Now, after 65 years, Jensen said that the reunions might be drawing to a close.
“I don’t know if we’ll have them again, I really don’t,” said Jensen. “It’s getting harder and harder for people to drive, and get together.”
Jensen said that a number of classmates already attend Tigard High School’s all-class reunion, held each summer at Cook Park.
“That might be our goal from now on, is to have people come there and get together,” said Jensen. “I just don’t know. If we could see each other once a year at Cook that’d be helpful.”
The class of 1944 lived in a much different Tigard than most residents would recognize today, Jensen said.
“For one thing, there’s paved roads.”
The Tigard that Jensen remembers was a time before Interstate-5 was even an idea. A time when children could sit on the corner of Main Street and not see a single car drive by.
“In those days, if you did after-school activities you probably didn’t have any way to get home, so you would walk.”
Jensen, who lived in Mapelwood at the time, said that it was not uncommon to walk everywhere you went. “Of course that wasn’t a big deal for us anyway, because there wasn’t any gas or tires (because of World War II).”
Many of the class did their part at home for the war effort, Jensen said.
“There was an old Methodist church across from the high school, and in the tower of the church was a watching station for planes,” Shute said. “You would sit up there with your telescopes and your binoculars and watch for planes.”
On the wall of the outpost was a chart, with the silhouettes of various planes, so that watchers could tell which were friendly and which were part of an invasion force, Shute said.
“I never could tell what any of them were, except for one,” said Shute. “An American P-38. They had plane-spotters for about four years there.
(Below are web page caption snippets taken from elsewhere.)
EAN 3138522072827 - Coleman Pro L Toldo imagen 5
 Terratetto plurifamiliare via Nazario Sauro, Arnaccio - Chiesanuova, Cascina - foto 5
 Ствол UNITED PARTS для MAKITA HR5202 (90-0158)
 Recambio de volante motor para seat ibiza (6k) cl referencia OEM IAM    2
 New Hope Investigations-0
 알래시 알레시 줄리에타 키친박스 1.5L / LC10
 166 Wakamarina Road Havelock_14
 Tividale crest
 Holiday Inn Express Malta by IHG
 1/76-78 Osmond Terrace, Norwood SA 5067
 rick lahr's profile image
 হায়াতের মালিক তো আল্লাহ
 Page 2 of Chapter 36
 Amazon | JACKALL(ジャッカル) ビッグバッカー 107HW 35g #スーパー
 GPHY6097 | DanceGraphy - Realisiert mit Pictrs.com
I did that during my senior year.”
Jensen also worked as a plane-spotter during high school.
While Shute and Jensen said that they enjoyed their experiences serving their country, Jensen still remembers one important day during her high school experience.
“There were a few Japanese people who went to our school. And then, one day, they just weren’t there anymore,” she said. “They’d been taken away. People just didn’t understand all that.”
After graduation, many of the class joined the service to fight in World War II, including Jensen’s husband who served in the Navy on the U.S.S. Pine Island in the South Pacific.
The class of 1944 did not lose a single man in World War II.
“Of course, in 1944, things were slowly starting to wind down,” Jensen said. “Other classes might have lost folks, but we didn’t.”
But despite the changes that Tigard has seen over the decades, Jensen said that one thing has remained the same.
“They haven’t done a single thing to (Highway) 99W,” she said. “It’s still exactly the same as it was. But there’s a lot more traffic now.”